In the long term, compute is probably going to move towards the memory.

zozbot234 11 hours ago [ - ]

The main blocker with swapping is not even the limited bandwidth, it's actually the extreme write workload on data elements such as the per-layer model activations - and, to a much lesser extent, the KV-cache. In contrast, there are elements such as inactive experts for highly sparse MoE models, where swapping makes sense since any given expert will probably be unused. You're better off using that VRAM/RAM for something else. So the logic of "reserve VRAM for the highest-value uses, use system RAM as a second tier, finally use storage as a last resort or for read-only data" is still quite valid.

rnrn 4 hours ago [ - ]

How do get the weights for the right set of experts for a given batch of tokens into fast memory at the right time?

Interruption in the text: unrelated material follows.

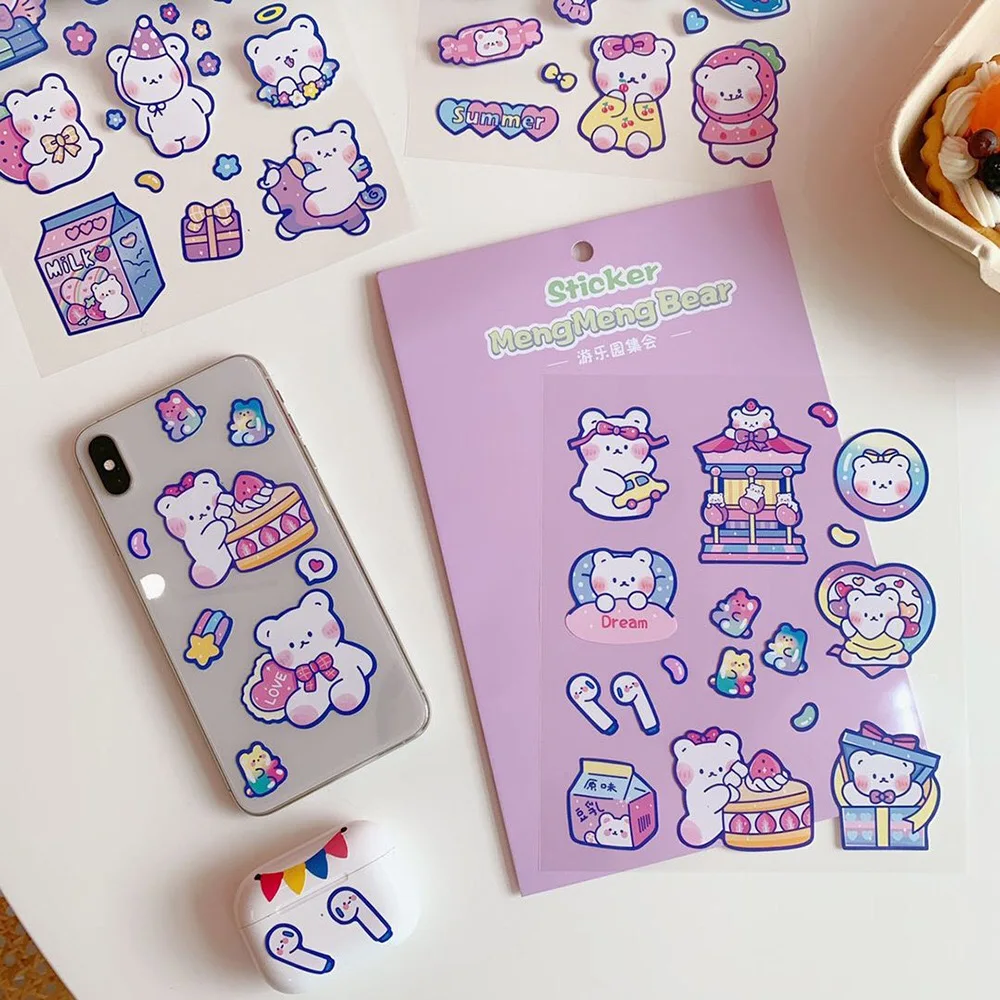 korean ins cute bear cake sticker creative cell phone sticker diary decoration stickers buy cute bear stickers creative stickers fashion decoration sticker product on alibaba com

The activated experts is only available after routing, at which point you need the weights immediately and will have very poor performance if they are across PCIe

zozbot234 4 hours ago [ - ]

Once your model is large enough you'll have to eat the offload cost for something, and it might as well be something where most of that VRAM footprint isn't even used. For current models, inactive experts arguably fit that description best. Of course, it may be the case that shifting that part of the graph to CPU compute is a better deal than paying the CPU-to-GPU cost for the active weights and computing on GPU; that's how llama.cpp does it.